The NY attorney was insured for malpractice by American Guarantee. American Guarantee refused to defend him, and he suffered a default judgment. American Guarantee later conceded that it was, indeed, required to defend the attorney. The attorney assigned his rights against the insurer to K2, which brought suit against American Guarantee seeking indemnification for the judgment against the attorney.
American Guarantee sought to rely on two exclusions in the policy (the “business enterprise” and the “insured’s status” exclusions) to establish that the loss suffered by the attorney was not covered. In its June 2013 decision, the New York Court of Appeals held that the failure of American Guarantee to fulfill its duty to defend the attorney disentitled it from relying on the exclusions in the policy.
The Reversal. The Court was asked to reconsider its earlier decision, and reversed it in an opinion handed down on February 18, 2014: K2 Investment Group, LLC v. American Guarantee & Liability Insurance Co., 983 N.Y.S.2d 761 (N.Y. 2014).
The New York Court of Appeals held that its earlier decision was in error for failing to give regard to a controlling precedent, Servidone Const. Corp. v. Security Ins. Co. of Hartford, 477 N.E.2d 441 (N.Y. 1985). In Servidone, the Court held that when an insurer wrongfully refuses to defend an insured, that insurer is not precluded from asserting its defences to coverage for indemnity. Servidone concerned an insured who had entered into a settlement. The New York Court of Appeals’ judgment in K2 has now confirmed that the same principle applies equally where judgment has been entered against the insured.
Consequences. The June 2013 decision had elicited widespread concern from the NY insurance industry, prompting many insurance associations to file amicus briefs. The Court of Appeals’ reversal not only brings New York back in line with the predominant national rule, but also removes a precedent that may have proved tempting for courts in other states faced with sympathetic insureds.
Defense Costs at Risk in Australia and New Zealand. Recent developments in Australia and New Zealand have called into question whether insureds can access defense costs to defend a claim against them.
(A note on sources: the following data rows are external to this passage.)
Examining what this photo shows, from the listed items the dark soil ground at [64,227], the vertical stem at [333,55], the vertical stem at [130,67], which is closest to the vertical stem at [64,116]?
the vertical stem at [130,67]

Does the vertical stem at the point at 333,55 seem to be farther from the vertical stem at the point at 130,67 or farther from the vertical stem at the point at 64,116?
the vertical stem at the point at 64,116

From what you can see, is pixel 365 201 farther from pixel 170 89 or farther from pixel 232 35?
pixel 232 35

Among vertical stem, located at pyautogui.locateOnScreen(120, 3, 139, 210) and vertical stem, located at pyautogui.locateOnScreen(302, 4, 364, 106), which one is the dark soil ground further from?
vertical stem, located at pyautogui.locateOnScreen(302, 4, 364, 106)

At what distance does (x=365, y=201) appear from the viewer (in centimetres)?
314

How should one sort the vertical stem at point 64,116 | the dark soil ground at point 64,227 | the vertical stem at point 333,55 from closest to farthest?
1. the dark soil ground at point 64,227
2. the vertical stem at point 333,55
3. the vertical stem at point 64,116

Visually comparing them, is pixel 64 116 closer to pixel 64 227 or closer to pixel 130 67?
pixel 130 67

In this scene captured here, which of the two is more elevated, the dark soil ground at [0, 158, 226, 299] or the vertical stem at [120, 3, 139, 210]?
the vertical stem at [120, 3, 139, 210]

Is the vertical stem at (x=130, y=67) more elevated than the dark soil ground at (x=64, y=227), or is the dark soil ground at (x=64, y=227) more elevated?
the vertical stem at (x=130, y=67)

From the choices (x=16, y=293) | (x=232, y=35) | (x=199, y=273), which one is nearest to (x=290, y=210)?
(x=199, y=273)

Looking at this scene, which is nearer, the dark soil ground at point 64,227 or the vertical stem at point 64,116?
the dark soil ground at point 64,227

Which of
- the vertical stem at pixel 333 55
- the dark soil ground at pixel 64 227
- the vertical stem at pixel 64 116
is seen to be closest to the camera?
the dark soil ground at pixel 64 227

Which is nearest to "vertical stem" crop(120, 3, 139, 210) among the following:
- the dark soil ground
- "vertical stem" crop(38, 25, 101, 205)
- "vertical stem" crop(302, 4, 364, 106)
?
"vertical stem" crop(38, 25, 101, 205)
New Zealand and many states in Australia, including New South Wales, have statutes which create charges, in favor of claimants, over insurance funds potentially payable to insured defendants. The provisions were designed decades ago, to address a perceived risk of an insured obtaining a sum from an insurer, and then either disappearing or becoming insolvent. In both situations, even if the claimant obtained a verdict against the insured, the claimant may not recover, or may not recover in full. Until recently, these (somewhat obscure) provisions were rarely considered or invoked.
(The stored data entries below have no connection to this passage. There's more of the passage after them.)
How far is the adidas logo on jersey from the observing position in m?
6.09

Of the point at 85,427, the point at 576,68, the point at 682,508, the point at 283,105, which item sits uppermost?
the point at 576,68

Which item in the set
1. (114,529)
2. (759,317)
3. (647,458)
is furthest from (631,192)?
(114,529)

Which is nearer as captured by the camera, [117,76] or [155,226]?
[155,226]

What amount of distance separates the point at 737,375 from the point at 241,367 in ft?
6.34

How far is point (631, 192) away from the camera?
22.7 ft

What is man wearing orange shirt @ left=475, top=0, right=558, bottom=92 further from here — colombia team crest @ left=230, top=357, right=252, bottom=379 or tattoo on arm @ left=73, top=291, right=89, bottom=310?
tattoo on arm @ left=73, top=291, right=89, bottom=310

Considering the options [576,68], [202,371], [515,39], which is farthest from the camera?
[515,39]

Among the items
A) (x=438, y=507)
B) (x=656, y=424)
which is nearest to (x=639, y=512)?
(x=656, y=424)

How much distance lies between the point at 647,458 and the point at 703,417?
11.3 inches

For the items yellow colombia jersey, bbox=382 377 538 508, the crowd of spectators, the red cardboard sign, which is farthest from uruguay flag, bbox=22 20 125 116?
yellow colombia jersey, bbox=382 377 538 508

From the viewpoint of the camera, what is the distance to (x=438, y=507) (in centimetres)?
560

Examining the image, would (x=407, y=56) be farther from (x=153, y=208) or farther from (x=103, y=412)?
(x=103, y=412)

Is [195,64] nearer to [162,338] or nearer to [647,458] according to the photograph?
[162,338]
Liability insurance policies typically provide coverage for the costs incurred by an insured in defending a claim, which are to be paid prior to the resolution of the claim. It is also usual for the limits of the policies to be inclusive of defense costs, meaning that payment of defense costs erodes the limit available to meet any eventual liability. Recent decisions in New Zealand and Australia have considered whether, because the payments erode the limit, they are subject to the statutory charge. If defense costs are subject to the charge, then insurers cannot pay defense costs without subjecting themselves to liability for the payments made. More specifically, if an insurer pays defense costs, and a claimant subsequently establishes liability which exceeds the remaining limit on the policy, then the claimant may enforce the charge against the insurer, thereby requiring the insurer to pay the value of the payments already made. To avoid this issue, an insurer may refuse to pay defense costs. While the insured could sue on the contractual right to defense costs in response, the existence of the statutory charge may be a valid defense. These issues are now the subject of competing jurisprudence in Australia and New Zealand.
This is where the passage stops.